Rivera attestiert den Eliten der drei mittelamerikanischen Staaten ein Niveau an Korruption und Verantwortungslosigkeit, das die soziale Krise hat ausufern lassen. Dabei drücken die USA beide Augen zu und liefern nicht nur an Honduras Überwachungs- und Militärtechnologie. Die wird auch gegen die Bevölkerung, gegen Kritiker, aber ab und zu auch gegen internationale Akteure eingesetzt, wie das Beispiel der Cicig zeigt. Vor deren Zentrale in Guatemala-Stadt patrouillierten Ende August 2018 von den USA gespendete Militärjeeps – ein klarer Akt der Einschüchterung.

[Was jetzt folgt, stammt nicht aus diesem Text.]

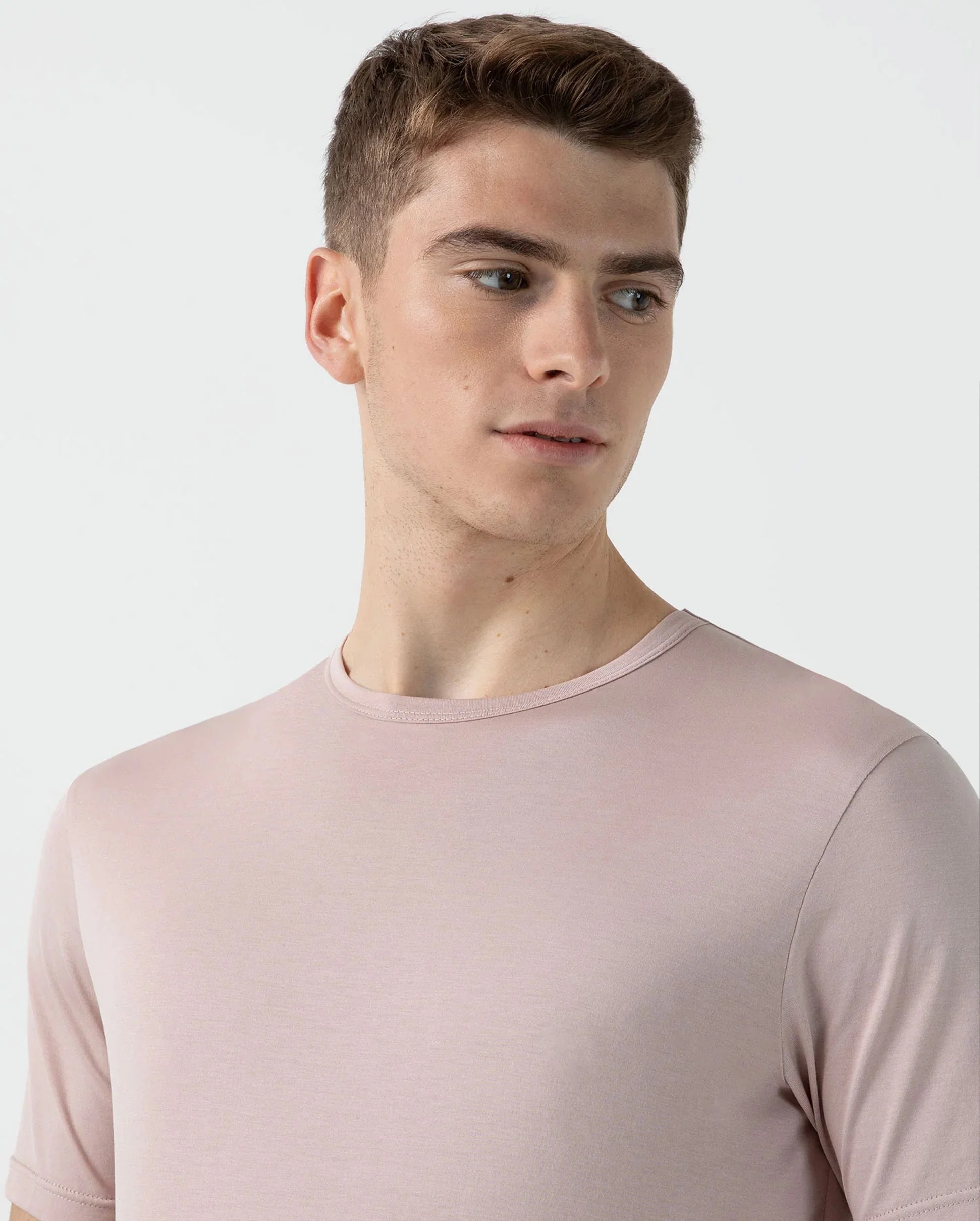 CLASSIC CREW NECK T SHIRT / PALE PINK - Image 4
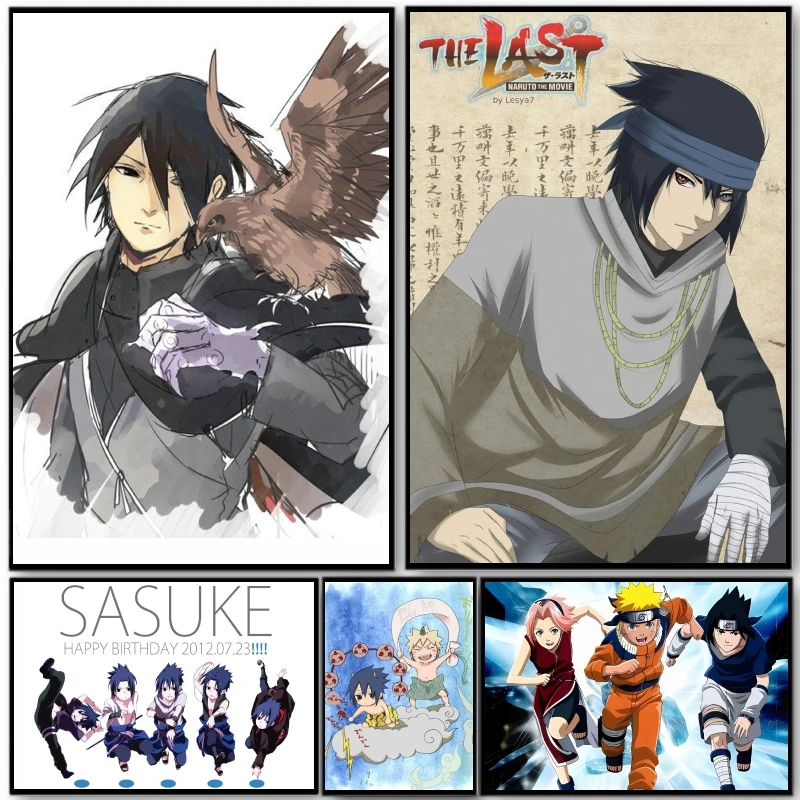 

Canvas Art Walls Painting Natuto Uchiha Sasuke Aesthetic Poster Friends Gifts Children's Bedroom Decor Picture Modern Home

Zwar haben die USA in diesem Fall gegen den Einsatz des gespendeten Geräts protestiert, aber eben nicht mehr als das. Guatemalas Präsident Jimmy Morales, der nach außen das Gesicht eines Bündnisses aus erzkonservativen Militärs und korrupten Unternehmern ist, des sogenannten „Pakts der Korrupten“, hat weitgehend freie Hand. Die nutzt das Zweckbündnis, um die Macht auszubauen und sich gegen Ermittlungen der Justiz per Gesetz zu imprägnieren. Das ist nicht nur in Guatemala, sondern auch in Honduras der Fall. Dort haben die Parlamentarier der Antikorruptionskommission der Organisation Amerikanischer Staaten (OAS) Ermittlungen gegen Abgeordnete per Gesetz untersagt – ohne dass von den USA oder der EU offen Kritik geäußert worden wäre. Das schaffe ein Klima der Recht- und Hilflosigkeit, so der Anwalt und Analyst Joaquín A. Mejía. Der für ein Forschungsnetzwerk der Jesuiten arbeitende Jurist aus dem honduranischen El Progreso hat in den letzten Monaten Morddrohungen erhalten und musste für einige Monate ins Exil nach Spanien gehen. Kein Einzelfall in Honduras, wo die Zahl der Anschläge auf Menschenrechtsaktivisten hoch ist.
Ähnlich in Guatemala, wo sich die einst rückläufige Bilanz im Jahr 2018 ins Gegenteil verkehrt hat. 23 Morde an Aktivisten und damit mehr als doppelt so viele wie 2017 wurden bisher registriert, so die Menschenrechtsorganisation Udefegua. Deren Direktorin Claudia Samayoa macht dafür auch den Mangel an internationalem Druck verantwortlich – nicht nur aus den USA. Für diese ist die mitverschuldete Demokratisierungskrise im Triangulo Norte allerdings zum Bumerang geworden – die Menschen stimmen mit den Füßen ab, denn das Vertrauen ins Wahlsystem haben sie längst verloren.